Last Updated: April 30, 2026
Introduction
InfiniBand (IB) is a high-bandwidth, low-latency interconnect used for GPU-to-GPU communication in multi-node training. In Crusoe VMs, IB NICs are exposed via SR-IOV: the physical HCA (Host Channel Adapter) is partitioned into virtual functions (VFs), and each VM receives one or more VFs rather than direct access to the physical function (PF).
This virtualization creates a diagnostic blind spot. Because the VF presents as a complete logical NIC to the guest, fabric-side tooling (switch telemetry, physical port state) may appear healthy even when the VF is experiencing errors. Conversely, hardware-level inspection tools like mlxlink and mst require PF access and will not work inside a VM.

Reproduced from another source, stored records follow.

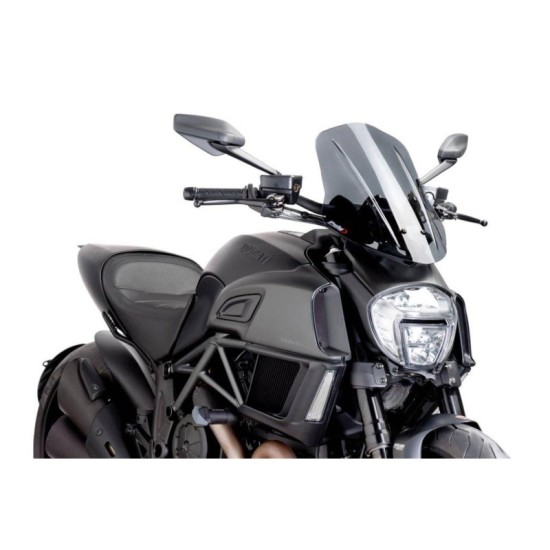 PUIG CUPOLINO NAKED N.G. TOURING REGOLABILE DUCATI DIAVEL 2014-2018 FUME SCURO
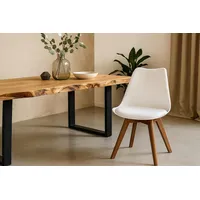 Sam Esszimmer Schalenstuhl & Polster Kunstleder weiß Stuhlbein Massivholz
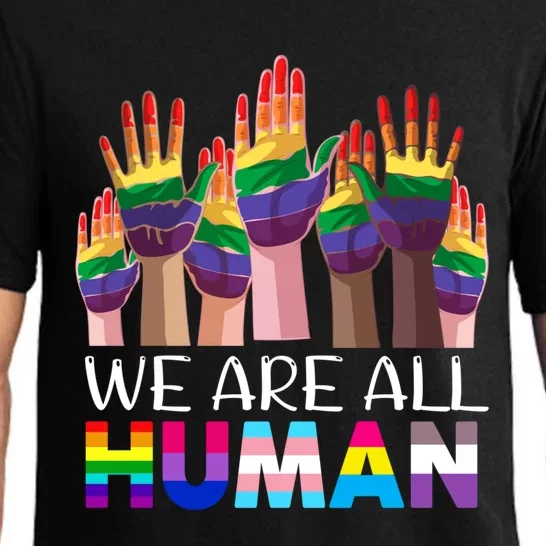 Rainbow Lgbt Lgbtq We Are All Hu Pride Gift Pajama Set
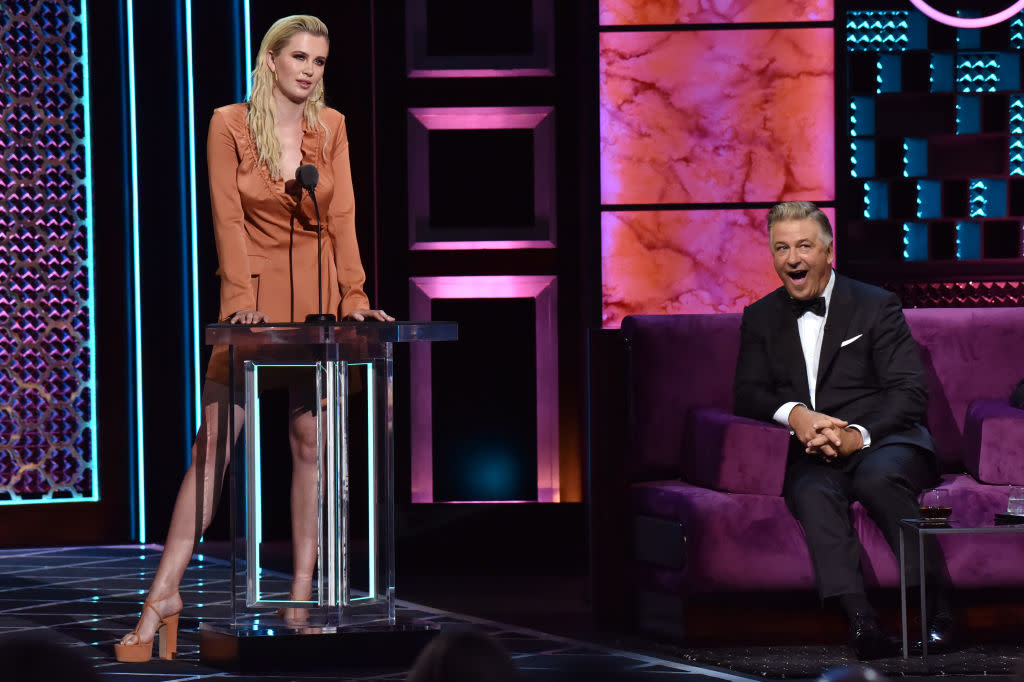 Ireland Baldwin roasts Alec Baldwin during the Comedy Central Roast of Alec Baldwin at Saban Theatre on Sept. 7 in Beverly Hills, Calif. (Photo: Jeff Kravitz/FilmMagic)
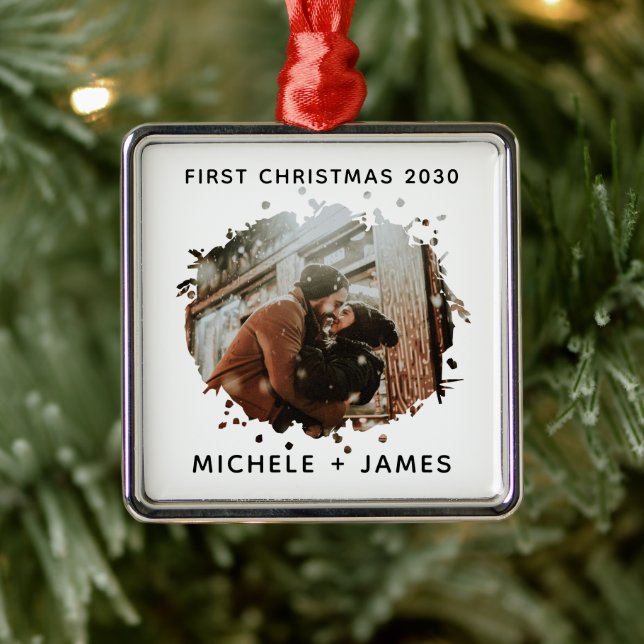 Personalisiertes Foto Custom First Christmas Ornament Aus Metall (Baum)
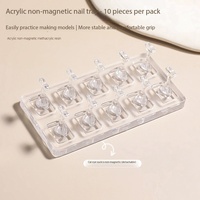 Professionnel 1. Support pour faux ongles en acrylique, nouveau design 2. Support d'affichage transparent non magnétique 3. Outil d'entraînement pour la pratique du nail art, forme carrée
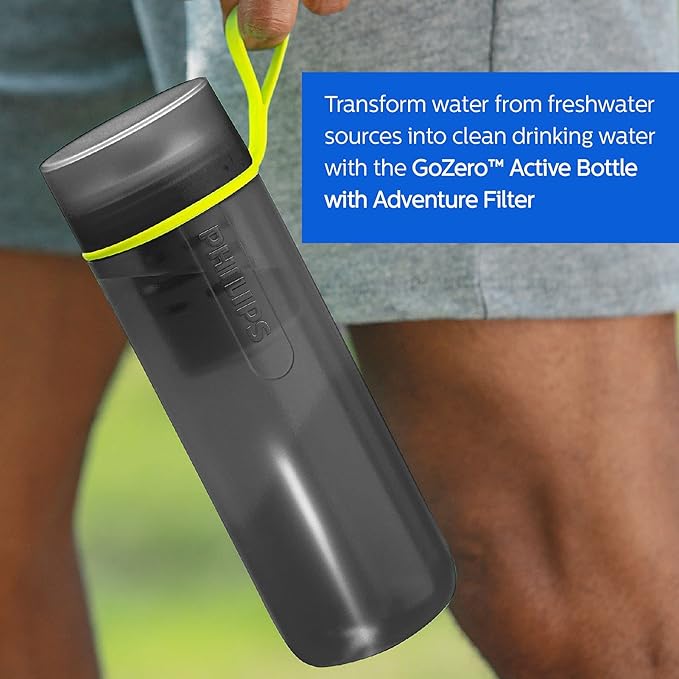 PHILIPS Water GoZero Active BPA-Free Water Bottle with River/Lake/Spring Water Filter for Hiking Camping, Sport Squeeze Water Bottle, Lightweight, Blue, 20 oz with Adventure Filter, Grey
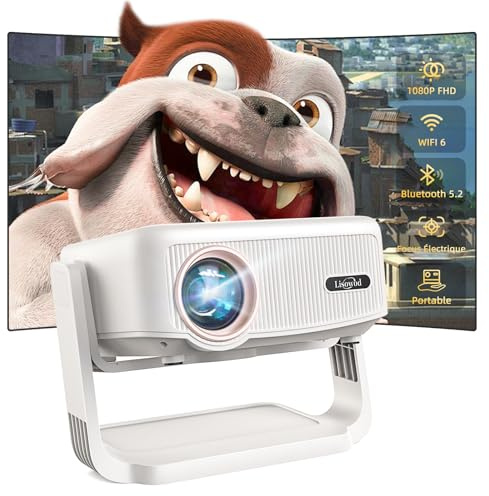 Videoprojecteur, Auto Verticale Keystone/Focus Électrique /360°Rotating, 1080P HD 19000Lux Projecteur Video, avec WiFi6, Bluetooth Lisowod Retroprojecteur Portable pour Home Cinéma/FireStick/HDMI/USB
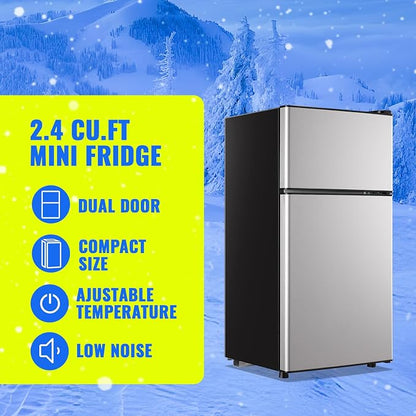 Small Fridge with Freezer Small Refrigerator 2.4 Cu.ft Fridge Dual Door - Image 2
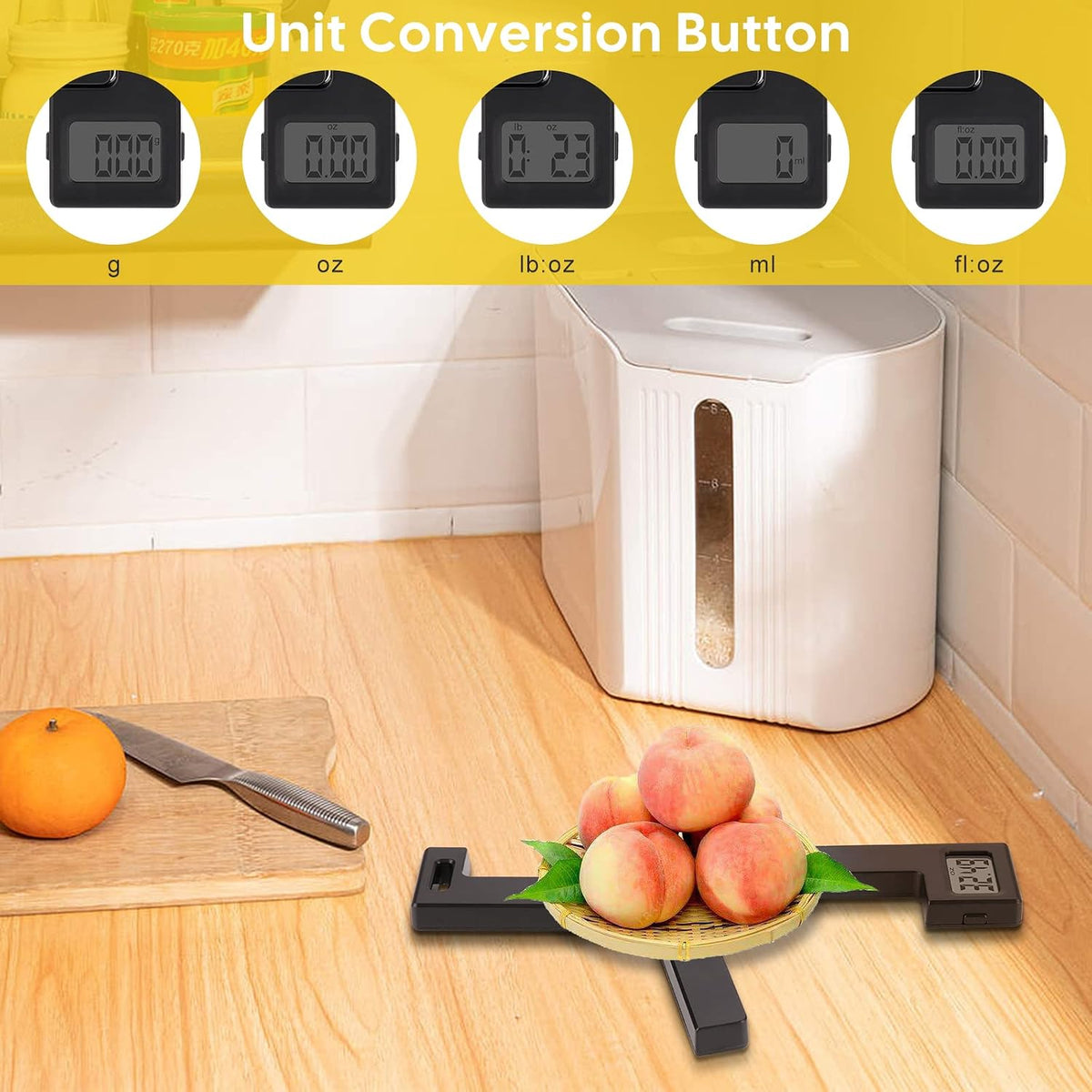 Compact Folding Digital Kitchen Scale, Highly Accurate Portable Food Scale with LCD Display, Auto Power Off and Tare Features, for Measuring Intake of Healthy Eating People (Black)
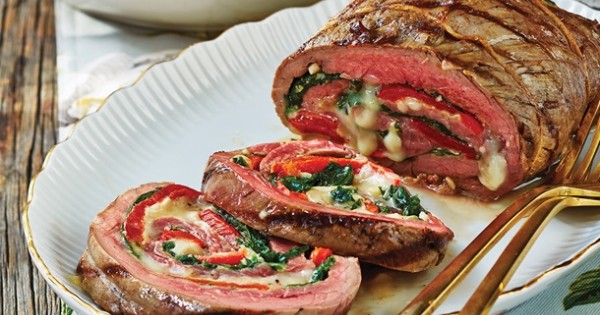 Spinach & Chaumes Cheese-Stuffed Flank Steak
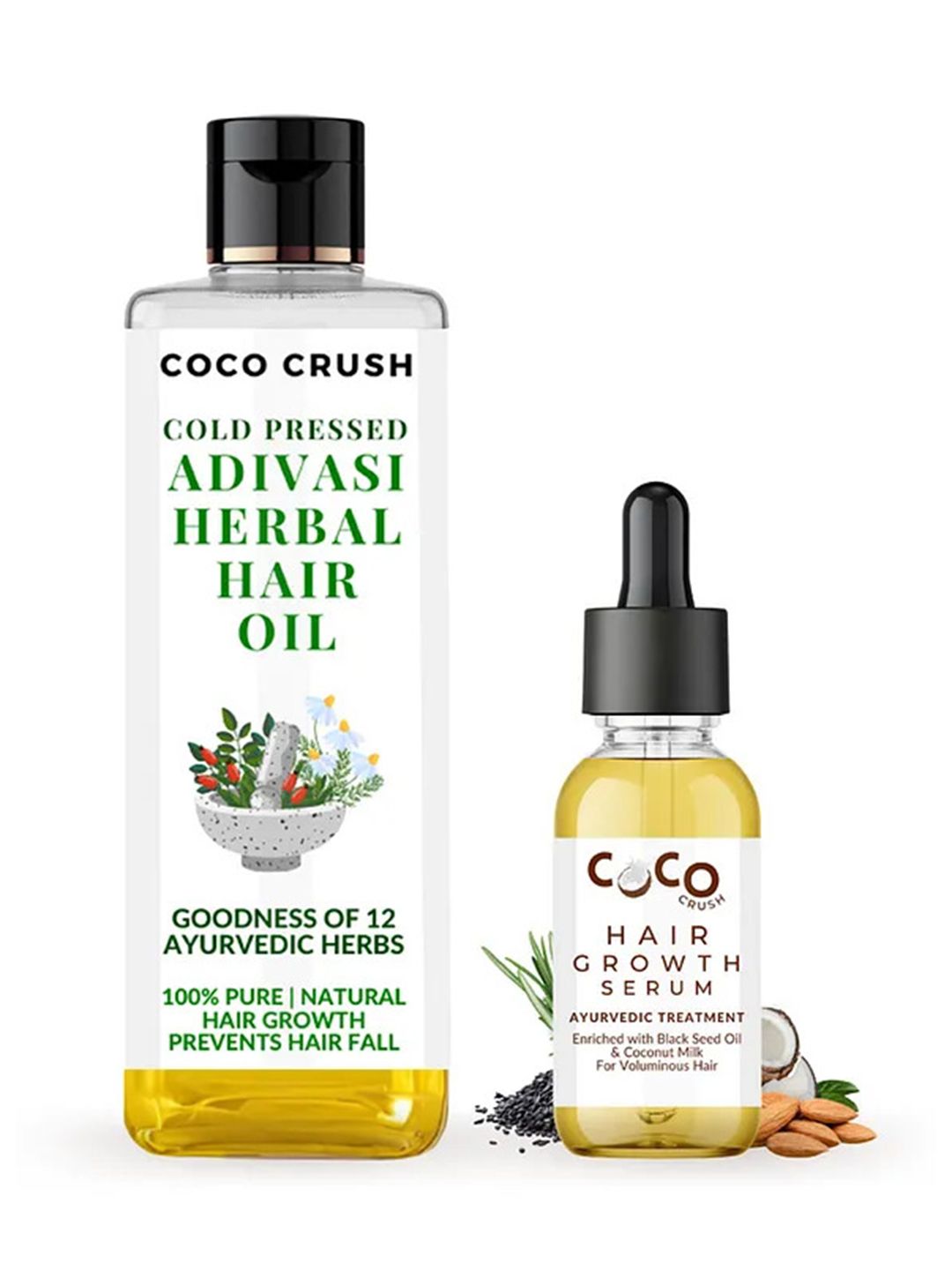 Coco Crush Set Of 2 Cold Pressed Adivasi Herbal Hair Oil -50ml & Ayurvedic Hair Serum-15ml-picture-51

When a multi-node NCCL job hangs at initialization, the most likely causes are IB link state issues, elevated error counters on the VF, or driver/firmware faults surfaced only in dmesg. This guide walks through how to gather that diagnostic data from inside the affected VMs so that either you or Crusoe support can isolate the root cause.
Prerequisites
- SSH Access to the Affected VMs
- Affected Node Hostnames (e.g. from
scontrol show job <job_id>) - Basic Linux CLI Familiarity
-
ibstatInstalled -
perfqueryInstalled -
ethtoolInstalled -
dmesgAvailable on the Node
Instructions
Step 1: Identify Device and Interface Names
Before running diagnostics, get the names of the IB devices and network interfaces on the node:
ls /sys/class/infiniband/ # IB device names e.g. mlx5_1, mlx5_2 ls /sys/class/infiniband/*/ports # port numbers per device ip link show # network interface names e.g. ib0, eth0
Use the device and interface names returned here in all subsequent commands.
Step 2: Check IB Port State and Link Health
cat /sys/class/infiniband/*/ports/*/state cat /sys/class/infiniband/*/ports/*/phys_state cat /sys/class/infiniband/*/ports/*/rate
What to look for:
-
stateshould be4: ACTIVE— anything else (e.g.1: DOWN,2: INIT,3: ARMED) indicates a problem. -
phys_stateshould be5: LinkUp—3: Pollingsuggests the port is trying and failing to establish a link. -
rateshould match the expected link speed for your instance type.
Step 3: Check IB Error Counters
cat /sys/class/infiniband/*/ports/*/counters/* cat /sys/class/infiniband/*/ports/*/hw_counters/* # Also via perfquery (replace mlx5_1 and port 1 as needed) perfquery -E mlx5_1 1 perfquery -E -x mlx5_1 1 perfquery -E -X mlx5_1 1
Any non-zero values in the following counters during a job run are significant:
-
symbol_error/SymbolErrors -
port_rcv_errors/RcvErrors local_link_integrity_errors-
link_downed/LinkDownedCounter -
out_of_sequence,implied_nak_seq_err,local_ack_timeout_err(hw_counters)
Even small non-zero counts on these during a job run are significant.
Step 4: Check Global Interface Stats
ip -s link show ibstatus ibstat ethtool <interface> # e.g. ethtool ib0 ethtool -S <interface>
Step 5: Check dmesg for NIC/IB Errors
dmesg | grep -iE "error|fail|link|mlx|infiniband|rdma|ib[0-9]|eth[0-9]" | tail -100
This often surfaces link flap events, driver errors, or firmware faults that do not appear in port state or counter files.
Step 6: Run a Baseline NCCL Test
Before or after gathering the above, run an all-reduce NCCL test between the affected nodes to confirm whether the IB transport is functional. See How-To: Validate InfiniBand Performance with NCCL All-Reduce Test for setup and expected output.
Known Limitations
- mlxlink and mst status require direct PCIe access to the physical HCA and will fail inside a VM. If needed, Crusoe support can run these from the physical host side.
- hw_counters reflect the virtual function (VF) view, not the physical function (PF). They are still useful for catching errors but may not show the full picture.
- If all in-VM diagnostics look clean, escalate to Crusoe support to run a BMC audit and physical host-level NIC inspection.